Şimdi ortak vicdanı temsil eden herkese sesleniyorum, Diyarbakır annelerinin gözyaşlarına sebebiyet veren çocuklarının dağa kaldırılması ki Çözüm Süreci içinde oldu, o dağa kaldırmalara karşı da seslerini yükseltebilecekler mi? DEAŞ’ın zulmüne karşı bizim yükselttiğimiz ses kadar bir sesi Esad’ın zulmüne karşı yükseltebilecekler mi? Zalim bizim dilimizce, kültürümüzce, örfümüzce, inancımızca hangi mezhepten, hangi dinden, hangi etnik kökenden gelirse gelsin zalimdir. Mazlum da aynı şekilde hangi etnik ve mezhebi, dini kökenden gelirse gelsin mazlumdur. Üçüncü ortak değer itibarıyla ortak akıl, yüreğimizin bir çarpması gibi, mayamızın bir olması gibi aklımızın aynı değerler etrafında bir ve aynı temellere dayanmaması halinde yüreklerimiz birleşir ama vatandaşlık kimliğimizin birleşmesinde sıkıntı yaşıyoruz."
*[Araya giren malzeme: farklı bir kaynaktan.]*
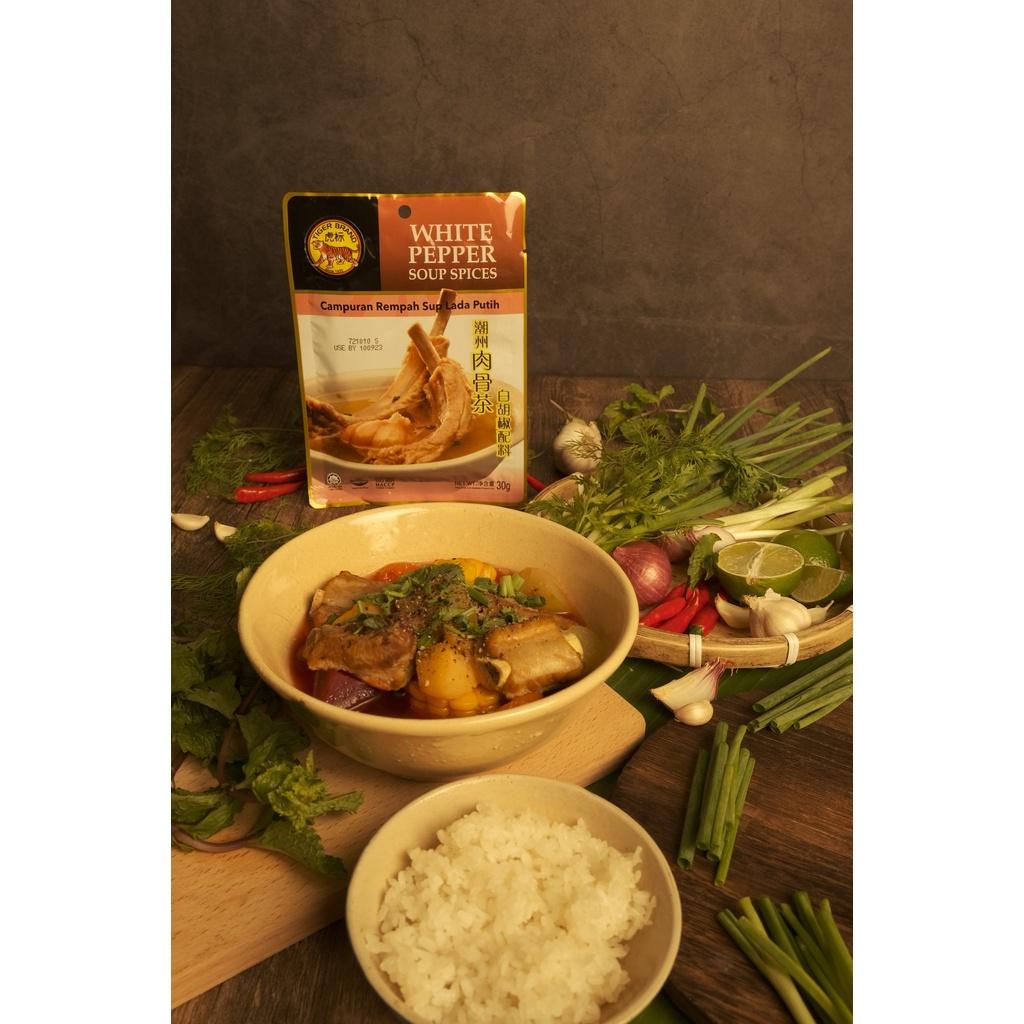 BAK KUT TEH GIA VỊ SÚP TIÊU TRẮNG TIGER BRAND – TIGER BRAND BAK KUT TEH WHITE PEPPER SOUP SPICES (30GR)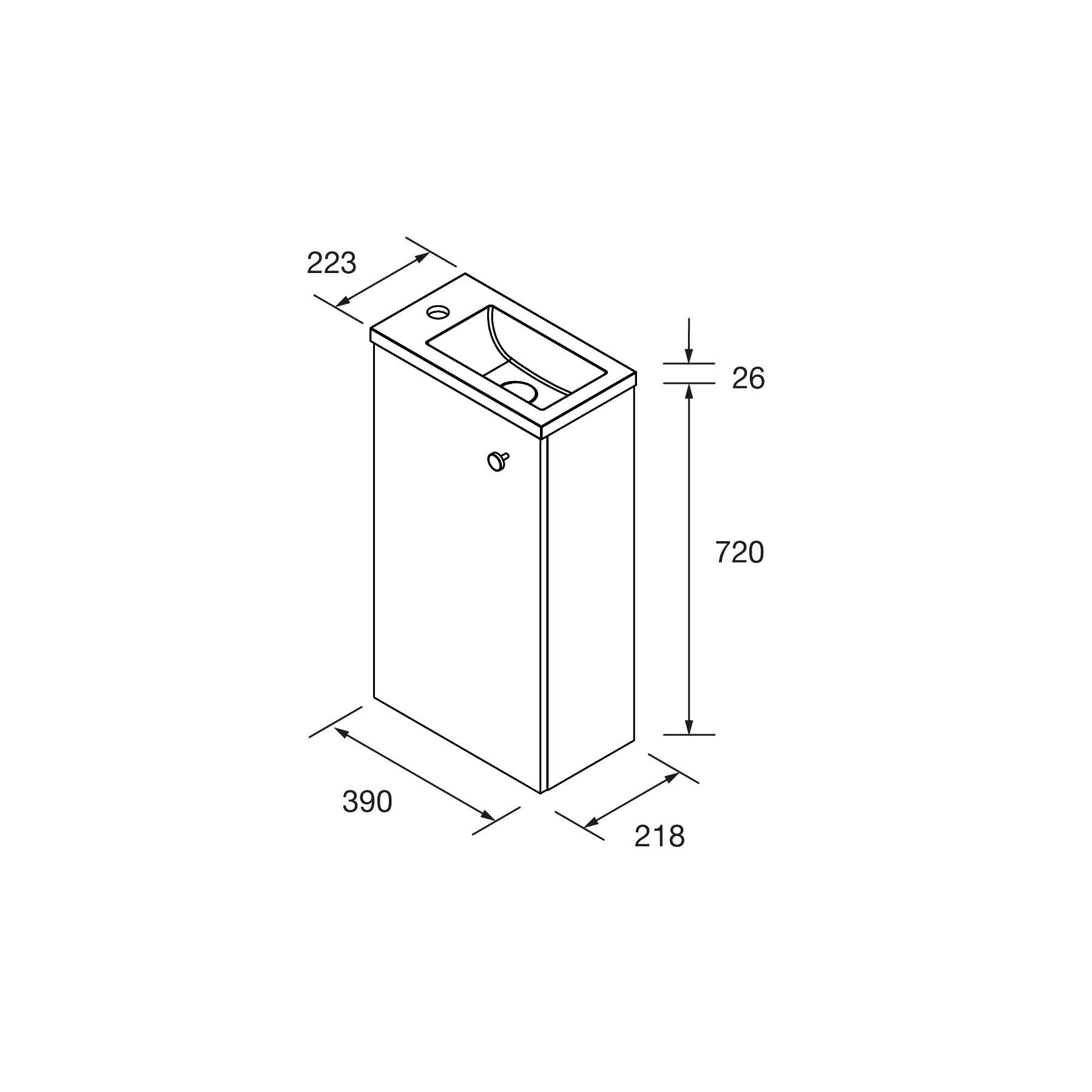 Diagramm eines rechteckigen Waschbeckens mit Unterschrank. Abmessungen: Höhe 720 mm, Breite 390 mm, Tiefe 218 mm. Armaturloch oben links.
Ortak aklın ve ortak siyasi bilincin vatandaşlığın temel uhdesi olduğunu dile getiren Davutoğlu, "Değişik inançlara sahip olabiliriz ama bir araya geleceğiz ve diyeceğiz ki ortak aklımız bize şunu söylüyor; 'etrafta ateş çemberi varken, Türkiye’de silahlar bırakılmalıdır.' Ortak aklımız şunu söylüyor, '7 Haziranda seçim yapılmışken ve Türkiye’de ortak akıl için koalisyon süreçleri, hükümet kurulma süreçleri yürürken herkesin sükunetle beklemesi lazım'. Ortak akıl şunu söylüyor, bir terör saldırısı varsa omuz omuza vermemiz lazım, bir terör saldırısı olmuşsa o acıları istismar ederek başka bir terörü başlatmak yerine ortak bir coğrafyada ortak bir aklı harekete geçirmek lazım" diye konuştu.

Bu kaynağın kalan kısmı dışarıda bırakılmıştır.